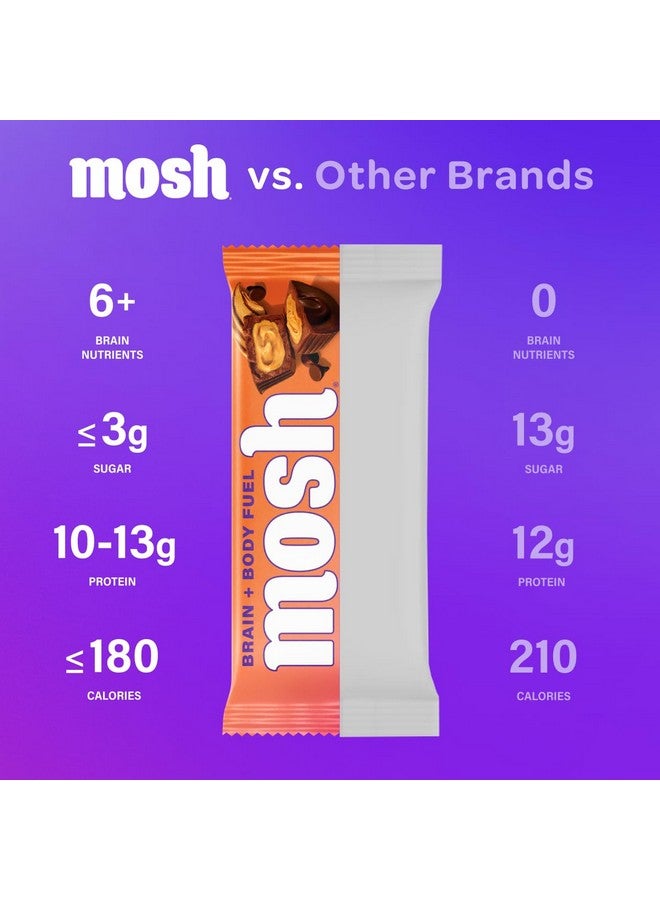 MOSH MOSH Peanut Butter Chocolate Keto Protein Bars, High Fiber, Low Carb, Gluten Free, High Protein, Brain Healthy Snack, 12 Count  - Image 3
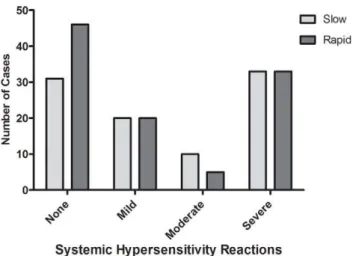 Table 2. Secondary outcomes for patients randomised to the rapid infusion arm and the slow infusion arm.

# # # # #

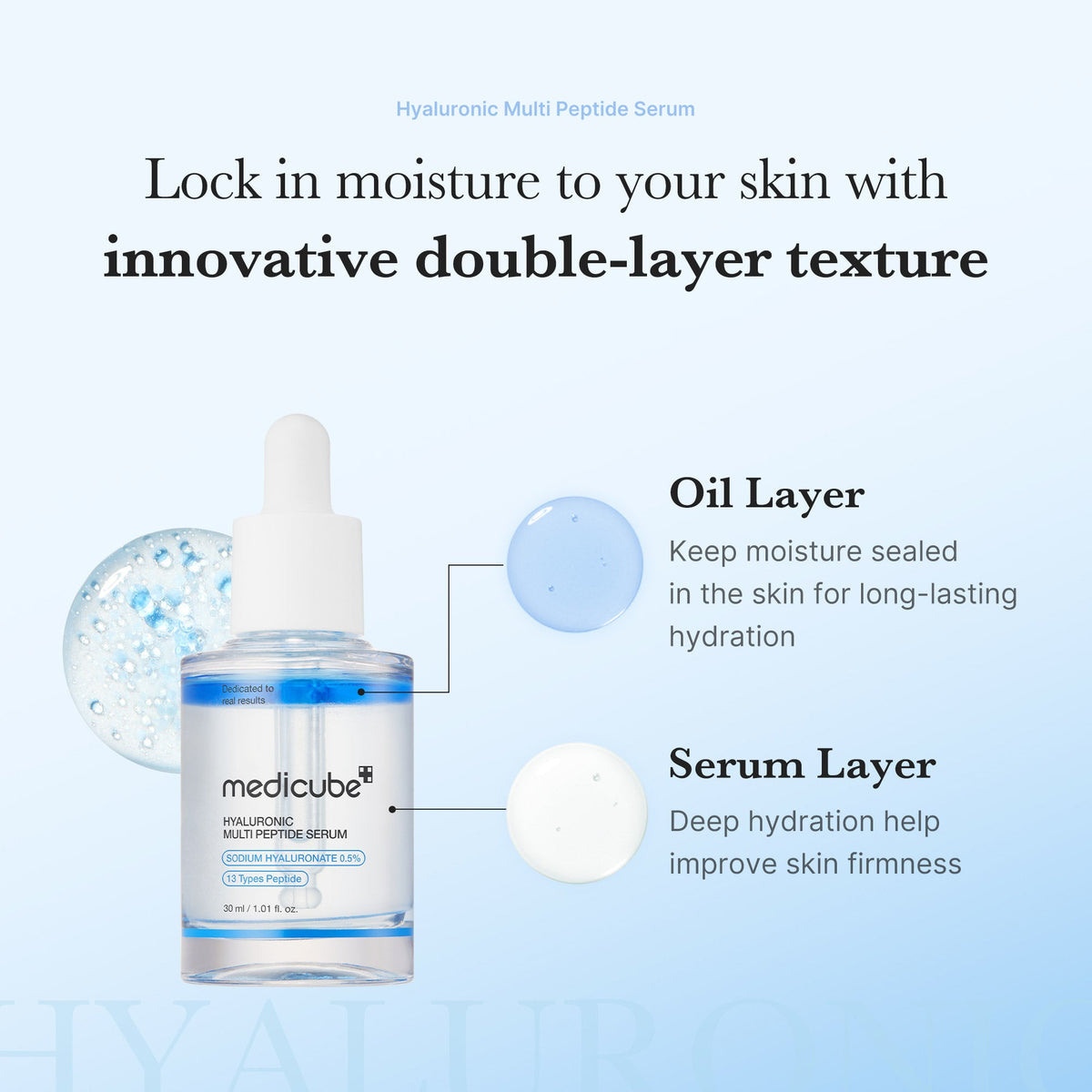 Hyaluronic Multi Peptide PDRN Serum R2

# # # # #

Among the entries above, take the line with "MOSH MOSH Peanut", the line with "Table 2. Secondary", and all the lines between them, and restate them word for word without pictures.

 MOSH MOSH Peanut Butter Chocolate Keto Protein Bars, High Fiber, Low Carb, Gluten Free, High Protein, Brain Healthy Snack, 12 Count  - Image 3
 Table 2. Secondary outcomes for patients randomised to the rapid infusion arm and the slow infusion arm.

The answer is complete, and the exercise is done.